Producer: 10,000 msg/s
Consumer: 1,000 msg/s
Queue growth: 9,000 msg/s → fills up in hours
Strategies:
- Reject at producer: producer gets an error when queue is full → client retries with backoff (HTTP 503 with Retry-After header)
- Scale consumers: add more consumer instances (works for parallel-safe processing)
- Drop with sampling: shed load intelligently (e.g., analytics events, not payment events)
- Adaptive rate limiting: slow down producer based on queue depth metrics
// Producer-side backpressure: check queue depth before publishing
async function publishWithBackpressure(message: Message): Promise<void> {
const queueDepth = await getQueueDepth('orders');
if (queueDepth > HIGH_WATERMARK) {
// Emit metric, alert on-call
metrics.increment('queue.backpressure.applied');
throw new ServiceUnavailableError('Queue at capacity. Retry in 30s.', 30);
}
await queue.publish(message);
}
The Outbox Pattern: Transactional Messaging
The dual-write problem: updating your database AND publishing to a queue in the same operation — without a distributed transaction:
// What you want to do:
BEGIN TRANSACTION
INSERT INTO orders (id, status) VALUES ('ord-123', 'confirmed');
queue.publish('orders', { id: 'ord-123', status: 'confirmed' });
COMMIT
// Problem: database commits but queue publish fails → order exists but no event
// Or: queue published but database rolls back → ghost event for non-existent order
The outbox pattern solves this by writing the event to the database as part of the same transaction, then having a separate process relay it to the queue:
-- Both writes in one ACID transaction
BEGIN;
INSERT INTO orders (id, status, created_at)
VALUES ('ord-123', 'confirmed', NOW());
INSERT INTO outbox (id, topic, payload, created_at, status)
VALUES (
gen_random_uuid(),
'orders',
'{"id":"ord-123","status":"confirmed"}',
NOW(),
'PENDING'
);
COMMIT;
// Outbox relay process (runs separately, e.g., every 100ms)
async function relayOutboxMessages(): Promise<void> {
const messages = await db.query(`
SELECT id, topic, payload FROM outbox
WHERE status = 'PENDING'
ORDER BY created_at ASC
LIMIT 100
FOR UPDATE SKIP LOCKED -- Prevents concurrent relay processes from picking same rows
`);
for (const msg of messages.rows) {
await queue.publish(msg.topic, msg.payload);
await db.query(`
UPDATE outbox SET status = 'SENT', sent_at = NOW()
WHERE id = $1
`, [msg.id]);
}
}
Alternative: Kafka Connect’s Debezium connector reads the database’s change data capture (CDC) stream (PostgreSQL WAL, MySQL binlog) and publishes changes to Kafka automatically — zero application code needed for the relay.

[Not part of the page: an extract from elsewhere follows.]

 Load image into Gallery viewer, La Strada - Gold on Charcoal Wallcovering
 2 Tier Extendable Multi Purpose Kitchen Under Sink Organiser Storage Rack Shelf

Event Sourcing (Introduction)
Event sourcing stores the history of state changes (events) as the source of truth, not current state snapshots.

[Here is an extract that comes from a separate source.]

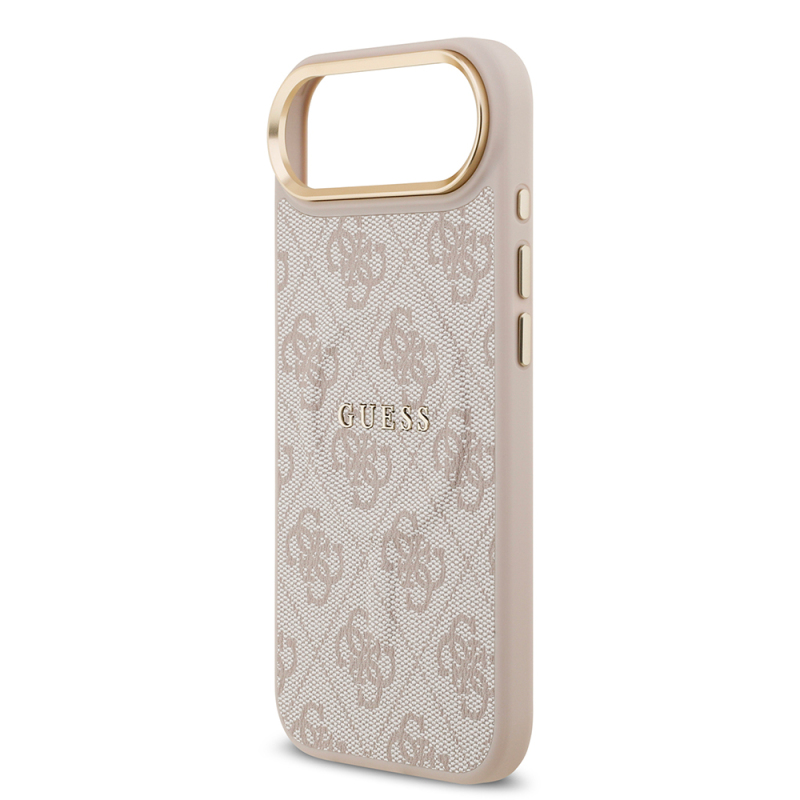 Apple iPhone 17 Air Kılıf Guess Orjinal Lisanslı M-safe Şarj Özellikli Gold Metal Kamera Çerçeveli PU Deri 4G Desenli Yazı Logolu Kapak - 21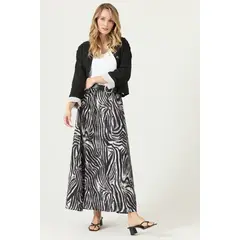 PRIVILEGE - Falda De Lino Animal Print Negra Cod 5008735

// Traditional: store current state
// orders table: { id: 'ord-123', status: 'shipped', total: 9900 }
// Event sourcing: store events
// order_events table:
// { orderId: 'ord-123', type: 'OrderPlaced', payload: {...}, timestamp: t1 }
// { orderId: 'ord-123', type: 'PaymentTaken', payload: {...}, timestamp: t2 }
// { orderId: 'ord-123', type: 'OrderShipped', payload: {...}, timestamp: t3 }
// Current state = replay all events from beginning
function rehydrateOrder(events: OrderEvent[]): Order {
return events.reduce((order, event) => {
switch (event.type) {
case 'OrderPlaced': return { ...order, status: 'placed', ...event.payload };
case 'PaymentTaken': return { ...order, status: 'paid', ...event.payload };
case 'OrderShipped': return { ...order, status: 'shipped', ...event.payload };
default: return order;
}
}, {} as Order);
}
Kafka is often used as the event store in event sourcing architectures. Log compaction maintains the full event history per entity key. Projections (read models) are built by consuming the event stream.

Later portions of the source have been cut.